EXERCISE REQUIREMENTS - Write out the stretch of lines below that begins at the line with "Einkaufswagen in Regalreihe" and ends at the line with "young couple smiling", including both, exactly as given and nothing more.

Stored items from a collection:
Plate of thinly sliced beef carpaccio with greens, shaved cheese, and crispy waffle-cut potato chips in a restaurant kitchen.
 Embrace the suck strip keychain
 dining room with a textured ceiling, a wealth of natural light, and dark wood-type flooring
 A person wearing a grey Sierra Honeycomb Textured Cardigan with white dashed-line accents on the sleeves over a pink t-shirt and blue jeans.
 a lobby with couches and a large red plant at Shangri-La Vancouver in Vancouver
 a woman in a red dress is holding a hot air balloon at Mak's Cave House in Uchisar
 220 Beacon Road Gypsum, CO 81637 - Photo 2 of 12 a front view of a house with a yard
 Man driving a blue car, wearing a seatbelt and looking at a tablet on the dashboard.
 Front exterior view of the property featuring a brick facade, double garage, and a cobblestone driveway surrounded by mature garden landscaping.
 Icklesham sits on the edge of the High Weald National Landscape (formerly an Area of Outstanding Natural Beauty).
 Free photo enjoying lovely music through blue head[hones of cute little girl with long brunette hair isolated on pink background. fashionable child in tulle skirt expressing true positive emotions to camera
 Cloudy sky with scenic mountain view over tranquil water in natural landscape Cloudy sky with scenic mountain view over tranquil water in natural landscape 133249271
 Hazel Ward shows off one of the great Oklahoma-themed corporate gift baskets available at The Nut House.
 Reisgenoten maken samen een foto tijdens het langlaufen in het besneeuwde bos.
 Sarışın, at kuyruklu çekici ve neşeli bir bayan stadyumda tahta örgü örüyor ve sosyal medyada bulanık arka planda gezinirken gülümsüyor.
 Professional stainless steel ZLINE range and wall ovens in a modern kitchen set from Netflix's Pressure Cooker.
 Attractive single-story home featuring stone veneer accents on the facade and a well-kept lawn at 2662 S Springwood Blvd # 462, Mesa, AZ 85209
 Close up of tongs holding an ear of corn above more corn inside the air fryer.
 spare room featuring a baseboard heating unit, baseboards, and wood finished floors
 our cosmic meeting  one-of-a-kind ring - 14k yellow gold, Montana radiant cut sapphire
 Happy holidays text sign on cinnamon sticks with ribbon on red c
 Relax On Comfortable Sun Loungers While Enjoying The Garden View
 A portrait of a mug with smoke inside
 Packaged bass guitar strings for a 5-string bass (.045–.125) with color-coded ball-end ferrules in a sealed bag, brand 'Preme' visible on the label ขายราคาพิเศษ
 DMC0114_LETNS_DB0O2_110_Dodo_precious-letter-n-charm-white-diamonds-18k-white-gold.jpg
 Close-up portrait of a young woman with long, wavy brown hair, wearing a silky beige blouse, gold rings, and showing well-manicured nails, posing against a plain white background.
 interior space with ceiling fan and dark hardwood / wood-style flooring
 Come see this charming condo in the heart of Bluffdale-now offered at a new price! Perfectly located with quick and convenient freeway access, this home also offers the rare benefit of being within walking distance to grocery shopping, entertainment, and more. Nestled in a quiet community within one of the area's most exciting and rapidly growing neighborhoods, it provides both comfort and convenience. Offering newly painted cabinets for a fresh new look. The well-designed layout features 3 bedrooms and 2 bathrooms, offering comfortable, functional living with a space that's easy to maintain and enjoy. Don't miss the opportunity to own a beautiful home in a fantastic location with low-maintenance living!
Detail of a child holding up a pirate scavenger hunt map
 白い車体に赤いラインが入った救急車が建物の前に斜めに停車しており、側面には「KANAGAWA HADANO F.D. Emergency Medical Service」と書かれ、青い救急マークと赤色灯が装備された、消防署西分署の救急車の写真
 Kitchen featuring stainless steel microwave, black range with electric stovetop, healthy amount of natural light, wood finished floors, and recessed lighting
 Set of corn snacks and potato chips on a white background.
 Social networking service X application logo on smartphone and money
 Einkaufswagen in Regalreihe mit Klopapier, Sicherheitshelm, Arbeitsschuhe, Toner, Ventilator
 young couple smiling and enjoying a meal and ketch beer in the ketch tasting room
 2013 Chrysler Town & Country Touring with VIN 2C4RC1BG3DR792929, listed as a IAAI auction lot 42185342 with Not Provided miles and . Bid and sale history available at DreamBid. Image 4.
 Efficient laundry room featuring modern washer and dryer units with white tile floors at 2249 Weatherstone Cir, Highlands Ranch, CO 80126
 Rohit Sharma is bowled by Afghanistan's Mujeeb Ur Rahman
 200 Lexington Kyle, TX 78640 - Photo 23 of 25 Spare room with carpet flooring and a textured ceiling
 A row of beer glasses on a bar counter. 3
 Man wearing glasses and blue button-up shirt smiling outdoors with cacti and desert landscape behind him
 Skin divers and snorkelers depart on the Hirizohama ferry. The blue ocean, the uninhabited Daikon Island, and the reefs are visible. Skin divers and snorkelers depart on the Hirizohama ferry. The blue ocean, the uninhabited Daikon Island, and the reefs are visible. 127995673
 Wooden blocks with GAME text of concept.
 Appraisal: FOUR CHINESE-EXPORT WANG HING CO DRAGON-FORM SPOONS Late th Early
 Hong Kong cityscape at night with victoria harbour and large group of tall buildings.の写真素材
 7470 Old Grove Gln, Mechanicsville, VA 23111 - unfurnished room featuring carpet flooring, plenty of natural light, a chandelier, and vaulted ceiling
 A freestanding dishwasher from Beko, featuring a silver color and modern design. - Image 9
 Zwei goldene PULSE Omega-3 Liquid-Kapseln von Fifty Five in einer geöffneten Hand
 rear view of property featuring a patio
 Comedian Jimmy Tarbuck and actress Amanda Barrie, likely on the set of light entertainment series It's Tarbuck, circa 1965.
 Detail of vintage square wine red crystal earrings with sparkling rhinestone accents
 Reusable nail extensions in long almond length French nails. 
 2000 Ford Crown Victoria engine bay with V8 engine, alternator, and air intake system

WRITTEN RESPONSE -
 Einkaufswagen in Regalreihe mit Klopapier, Sicherheitshelm, Arbeitsschuhe, Toner, Ventilator
 young couple smiling and enjoying a meal and ketch beer in the ketch tasting room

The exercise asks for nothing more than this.